Frozen in a limbo- unable to return home and unnoticed in Tunisia- they refuse to go back to Libya to take a boat to Europe.

 

“Until a couple of months ago, many people crossed this camp directed to the border with Libya, often with children. We tried to stop them, telling them it is an extremely

dangerous journey, and that they and their children could die. But they never listened to us. I shared my meals with some of those people, and now I do not even know whether they are still alive”- Kadiril.

 

According to Usman, soldiers at the border near the camp will not stop any of the migrants from entering Libya. As confirmed by staff of the Tunisian Red Crescent (TRC) interviewed on the subject, people are usually not prevented from entering Tunisia from Libya either.

 

“I was residing in one of the UNHCR camps in Tripoli when I decided to flee the conflict. Together with other migrants like me, I started looking for people willing to drive us to the border with Tunisia. I walked 10 kilometers to reach it and, once I got there, soldiers let me in.

 

They simply asked me where I was from and what I wanted to do in their country.

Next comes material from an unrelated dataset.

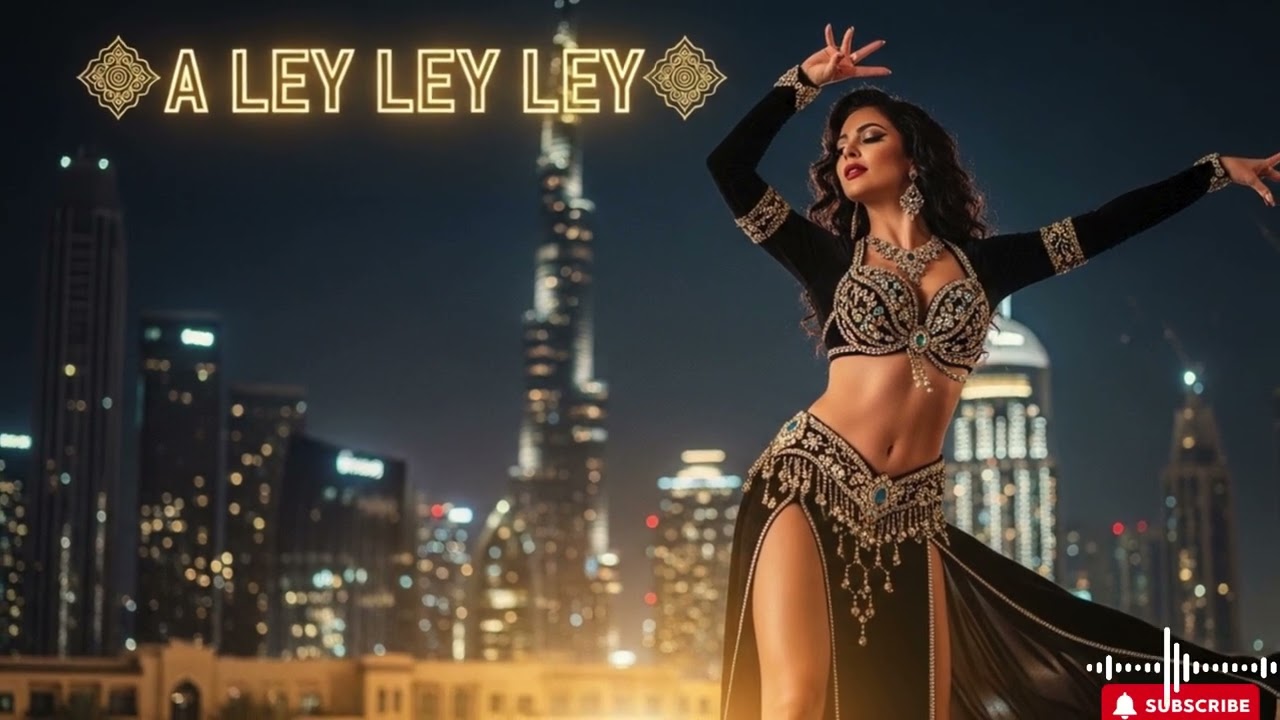 A Le Ley Ley (ELSEN PRO) Arabic House Remix 🌙 | Oriental Desert Nightlife Party 2026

I told them the truth: I was fleeing the war in Libya. They were very kind”.

 

 

 

Once in Tunisian territory, it took him only few days to find the camp, where he knew others like him were receiving assistance from international organizations. Five years later, however, he is still looking for help.

 

“Others before you came to talk to us and see how we live. Every time, we explain we are alone, and that organizations have forgotten us. I think the only person who could

provide help now is a lawyer, someone who knows about African and international law and who is willing to help us find a better alternative than going back to Libya and pay the smugglers”, Kadiril tells me as he shows me the tent where migrants watch television, make tea and coffee and talk.

 

It used to be a coffee shop run by a UNHCR employee from Ben Guerdane. He left in 2012, leaving Kadiril in charge of the place. He says it is important to maintain a place where people can forget about their problems, even if they often have no coffee and tea to drink, or if the water they drink is not potable. The only source of water left at the camp comes directly from the sea,

available through a pipe which the authorities tried to close in 2015. Thanks to Usman and Kadiril’s mediation, the pipe was left at its place.

 

As I slowly make my way out of the camp that day, I can see two migrants collecting food generously offered by a passing driver. Usman and the others wave at me smiling.

 

Usman, Kadiril, Ibrahim, Adam, Ahmed, Morris, Stephen, Monday and Benedict are only few of those men in a limbo.

They are trying to be heard, surrounded by a government, a body of international organizations and a global community that refuses to acknowledge their presence.

 

“Sometimes I think it would be easier if I went back to Libya and tried to reach Europe by boat. I think this way when I am tired or when I had a particularly bad day. But then I remember the others here at Choucha, how we have been fighting together, and I realize being smuggled would mean letting go. You see, we are begging for refugee status, as if being a refugee is something one should beg for. I believe I am already a refugee, even if UNHCR refuses to write it down on a piece of paper: I am a man who cannot return home for fear of being killed”- Usman.